That should have decided the issue, but during the last two months, without public knowledge or accountability, and without oversight by the other State Board members, Don McLeroy and Robert Scott forced publishers to address the same "weaknesses," now re-named "errors," a second time under the guise of "error correction," a normal part of the textbook adoption process. In an unprecedented move, Mr. McLeroy himself wrote to the publishers, telling them that their "cooperation" was "required." These actions are an abuse of the process, since they are designed to intimidate and bully publishers, force them to play a duplicitous game of chicken, make them wonder if their books will be adopted if they refuse to make the anti-scientific changes, and implicitly threaten them with financial losses if they don't play along. These are exactly the same extortionist methods used for years by previous State Boards to make publishers censor their textbooks in ways favorable to the religious, political, and socials agendas of Board members.

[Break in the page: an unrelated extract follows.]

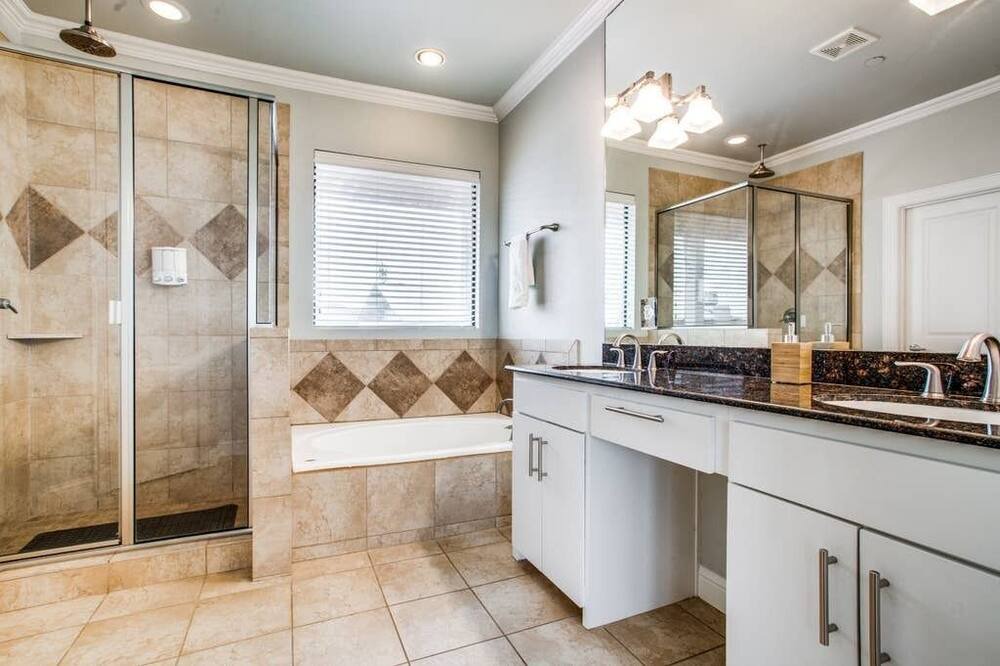 Photo of Bathroom in Oak Lawn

I am happy to state that the publishers courageously refused to censor their books and damage their scientific integrity. But such semi-legal extortion and harassment is reprehensible in other ways: it gives Texas a very bad reputation as a state opposed to science, forces publishers to qualify the language in their books in ways that weaken them, and gives a signal to teachers to further diminish Texas students' science education by omitting or watering-down evolution. But the most odious thing about this incident is that a small number of individuals, acting on their own, hijacked the state's textbook adoption machinery to use as their own private tool to censor books to reflect their own political and religious bias. This activity is educationally misguided, improper, and possibly illegal; Mr. McLeroy has already been sued for a similar incident. TCS is asking for the resignation of these individuals, since they are putting their own creationist and political beliefs above those of science students in Texas, and making a mockery of Governor Rick Perry's Master Science Teacher Initiative.
Last week, two dozen Nobel laureates and 40 other leading scientists criticized the Bush administration for "misrepresenting and suppressing scientific knowledge." This is what is occurring in Texas under a few ultra-right wing public education officials. Scientists, science educators, and citizens have had to organize to protect scientific knowledge, so far successfully. TCS is requesting that the State Board and Commissioner of Education publicly go on record supporting teaching science, including evolution, fully and accurately in Texas.